Wie aufgeschlossen das jeweilige Unternehmen für proaktives Verhalten ist, schätzten Angestellte und Vorgesetzte gemeinsam ein. Ergebnis: „Nur wenn die Person über einen ausgeprägten sozialen Scharfsinn verfügte, führte ein förderliches Klima für Eigeninitiative zu zusätzlichen positiven wirtschaftlichen Ergebnissen“, sagt Wihler.

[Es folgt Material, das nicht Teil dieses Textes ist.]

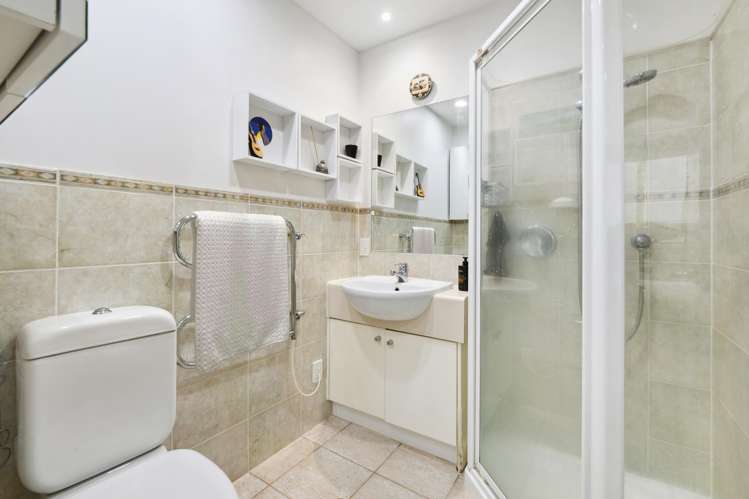 1E/175 Hurstmere Road Takapuna_14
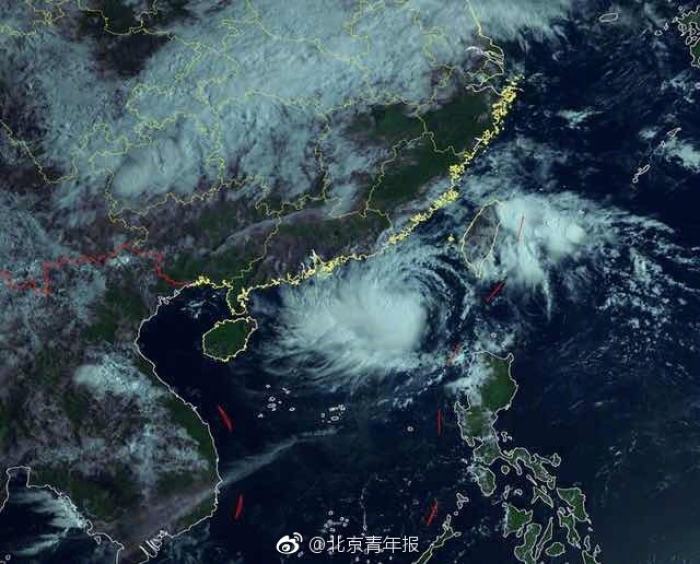 风云四号卫星交付使用 微信启动图片将换成我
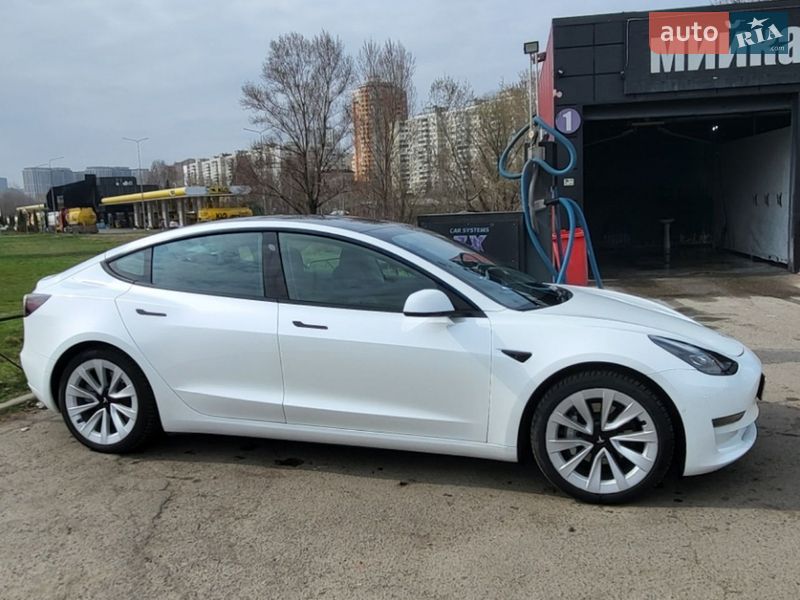 Седан Tesla Model 3 2021 в Києві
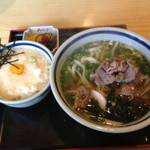 手打ちうどん鶴鶴 - ≪2012年11月28日 撮影≫肉うどん　６５０円　の　とろろ丼セット＋２５０円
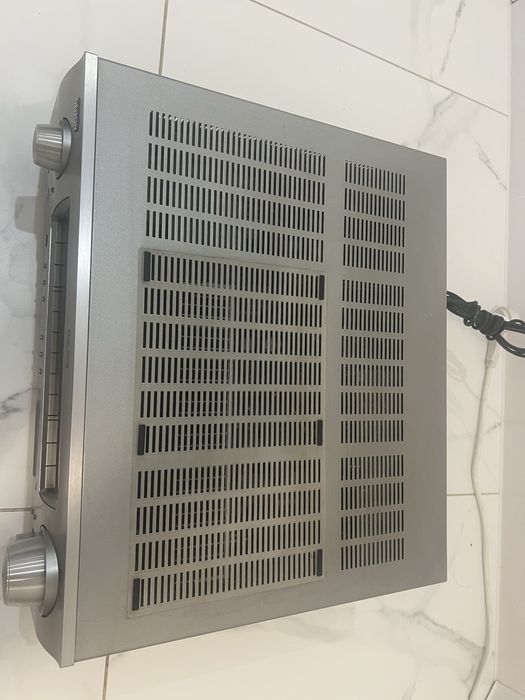 Ресивер DENON AVR-2308 . Потужний приймач підсилювач.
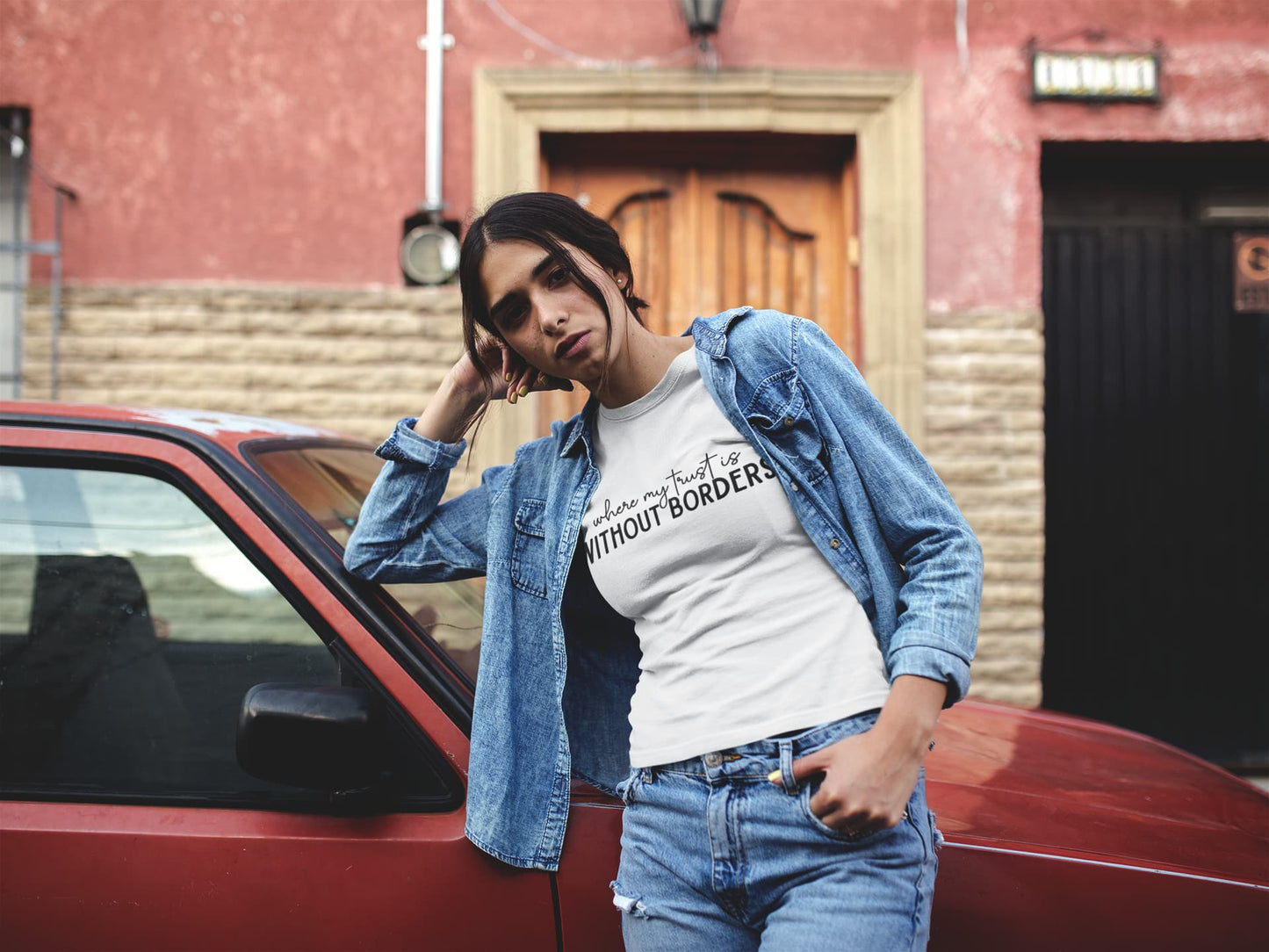 Women's White Round Neck T-shirts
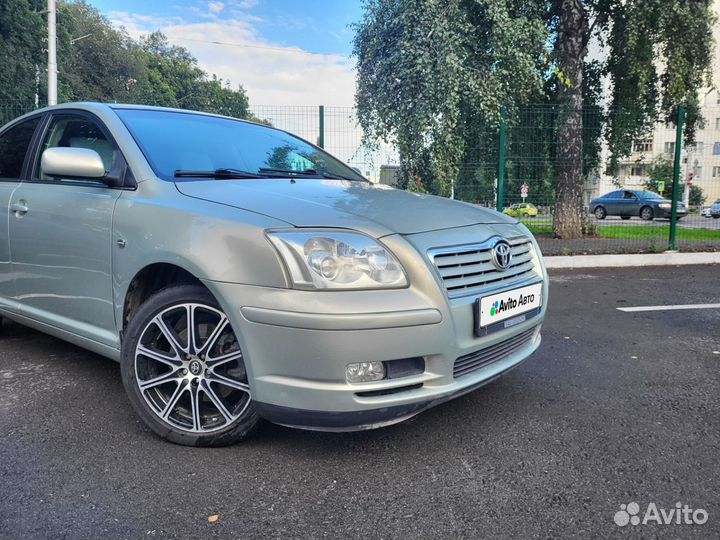 Toyota Avensis 2.4 AT, 2004, 175 000 км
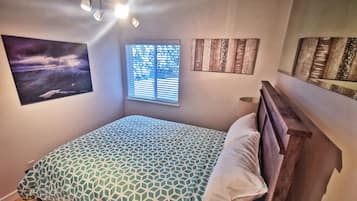 1 bedroom, iron/ironing board, free WiFi, bed sheets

In der zweiten Studie wurden 143 Probanden anhand eines Fragebogens zu ihrer Kompetenz befragt, günstige Gelegenheiten für positive Veränderungen zu nutzen. Darüber hinaus schätzten Angestellte ihre Eigeninitiative ein, während ihre Vorgesetzten deren Leistungen beurteilten
Das Ergebnis: Die gezeigte Eigeninitiative führte zu besseren Beurteilungen - aber nur dann, wenn die Vorgesetzten das Geschick für die richtigen Verhaltensweisen ausgeprägt wahrnahmen.
Im dritten Durchlauf erfassten die Psychologen das Zusammenwirken des sozialen Scharfsinns und des Gespürs für den passenden Moment bei 219 Beschäftigten. Wie zuvor fragten die Forscher wieder die Erwartungshaltung des Betriebs für proaktives Handeln ab und ließen die im Test gezeigte Eigeninitiative bewerten. Neben Angestellten und Vorgesetzten wurden diesmal auch Kollegen in die Befragung einbezogen.
Das Resultat bestätigte: Ein positives Klima für proaktives Handeln führt nur dann zu guten Beurteilungen, wenn die Teilnehmer ein hohes Maß an Eigeninitiative zeigen - aber genauso auch sozialen Scharfsinn und Sensibilität für die richtige Gelegenheit beweisen.